Wie immer hat Rimini Protokoll zu seinem Projekt sogenannte Experten geladen. Es sind dies der von 2005 bis 2012 als Landammann (Bürgermeister) der Stadt Davos an der Organisation des Weltwirtschaftsforums beteiligte Hans Peter Michel, der aus Sri Lanka stammende Wirtschaftssoziologe Ganga Jey Aratnam, der Lungenarzt Otto Brändli, die ehemalige Direktorin des UN-Entwicklungsprogramms (UNDP) Cécile Molinier und die aus Russland stammende Vizepräsidentin des Zürcher Verbandes Global Shapers (einer WEF-Nachwuchsorganisation), Sofia Sharkova. Begrüßt werden wir von Hans Peter Michel, der uns im schönsten Schwyzerdütsch die Fabel vom Wolf und Fuchs erzählt. Wer hier gefräßiger Wolf und schlauer Fuchs ist, bleibt zunächst der eigenen Interpretation überlassen. Zumindest Michel erweist sich als relativ bauernschlau und kann einige Anekdoten aus seinem Wirken als Gastgeber und führender Logistiker des WEF zum Besten geben. Womit er auch die meisten Sympathiepunkte beim Publikum einheimst.

Unter den Sitzen befinden sich Mappen mit den Badges der Namen von Firmen- und Konzernchefs sowie Unterlagen zu Daten über Jahresumsätze, Mitarbeiterzahlen und Börsendotierungen. In die Rollen der CEOs von Internetunternehmen, Banken, Entwicklungs-, Pharma- und Rohstoffgiganten wird das Publikum allerdings mehr symbolisch steigen. Wir könnten uns wohl auch kaum die bei ungefähr 100.000 Schweizer Franken liegenden Kosten für eine Teilnahme am WEF leisten. Und wenn in diesen Aufzählungen bisher nicht gegendert wurde, liegt das daran, dass im Gegensatz zum Publikum die Frauenquote beim WEF mit ca. 12% extrem niedrig ist. Nicht von ungefähr spricht man auch vom sogenannten „Davos Man“. Im Wirtschaftsteil der Frankfurter Allgemeinen Zeitung wird dieses elitäre männliche Wesen auch als Vertreter des heimatlosen Establishments bezeichnet.
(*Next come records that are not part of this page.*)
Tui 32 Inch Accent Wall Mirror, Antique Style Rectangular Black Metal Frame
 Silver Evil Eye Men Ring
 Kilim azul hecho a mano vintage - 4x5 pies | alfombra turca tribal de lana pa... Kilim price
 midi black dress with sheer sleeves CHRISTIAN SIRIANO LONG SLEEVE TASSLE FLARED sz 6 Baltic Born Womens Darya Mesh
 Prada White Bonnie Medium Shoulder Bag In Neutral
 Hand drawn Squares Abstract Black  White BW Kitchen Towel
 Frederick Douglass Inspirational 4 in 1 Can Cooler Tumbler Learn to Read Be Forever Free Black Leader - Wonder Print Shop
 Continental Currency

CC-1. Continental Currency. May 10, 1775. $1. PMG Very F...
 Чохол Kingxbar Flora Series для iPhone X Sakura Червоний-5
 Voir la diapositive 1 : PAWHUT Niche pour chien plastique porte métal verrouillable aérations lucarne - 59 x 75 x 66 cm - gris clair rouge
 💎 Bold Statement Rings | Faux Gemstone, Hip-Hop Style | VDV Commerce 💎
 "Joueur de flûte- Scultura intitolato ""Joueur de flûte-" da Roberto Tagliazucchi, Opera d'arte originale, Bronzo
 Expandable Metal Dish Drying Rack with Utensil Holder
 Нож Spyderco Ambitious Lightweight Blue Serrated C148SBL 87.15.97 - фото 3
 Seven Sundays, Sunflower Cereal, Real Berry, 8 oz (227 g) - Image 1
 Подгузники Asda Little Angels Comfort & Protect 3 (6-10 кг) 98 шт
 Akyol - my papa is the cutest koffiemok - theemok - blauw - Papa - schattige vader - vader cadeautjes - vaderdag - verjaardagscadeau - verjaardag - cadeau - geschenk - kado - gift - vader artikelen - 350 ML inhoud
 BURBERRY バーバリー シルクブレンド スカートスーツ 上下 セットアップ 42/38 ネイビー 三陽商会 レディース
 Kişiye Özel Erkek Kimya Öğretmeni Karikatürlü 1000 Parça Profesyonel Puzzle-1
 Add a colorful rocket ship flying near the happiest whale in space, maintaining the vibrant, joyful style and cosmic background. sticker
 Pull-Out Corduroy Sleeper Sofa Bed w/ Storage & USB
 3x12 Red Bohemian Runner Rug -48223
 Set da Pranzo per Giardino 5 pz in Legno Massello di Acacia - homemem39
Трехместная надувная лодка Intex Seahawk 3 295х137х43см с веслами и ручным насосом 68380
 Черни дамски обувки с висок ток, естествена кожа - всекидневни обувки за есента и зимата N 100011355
Ein Aufsatz des amerikanischen Soziologen Richard Sennett machte ihn bereits 1998 bekannt. Wenn heute vom Kampf des globalen Establishments derer da oben gegen heimatverbundene Normalbürger gesprochen wird, hat man meist Politiker wie Donald Trump im Ohr oder andere nationalistische Populisten. Im Grunde lenkt das aber auch nur vom eigentlichen ökonomischen Wirken globaler Konzerne ab. Gerade da hätte man sich mehr Hintergrundwissen gewünscht.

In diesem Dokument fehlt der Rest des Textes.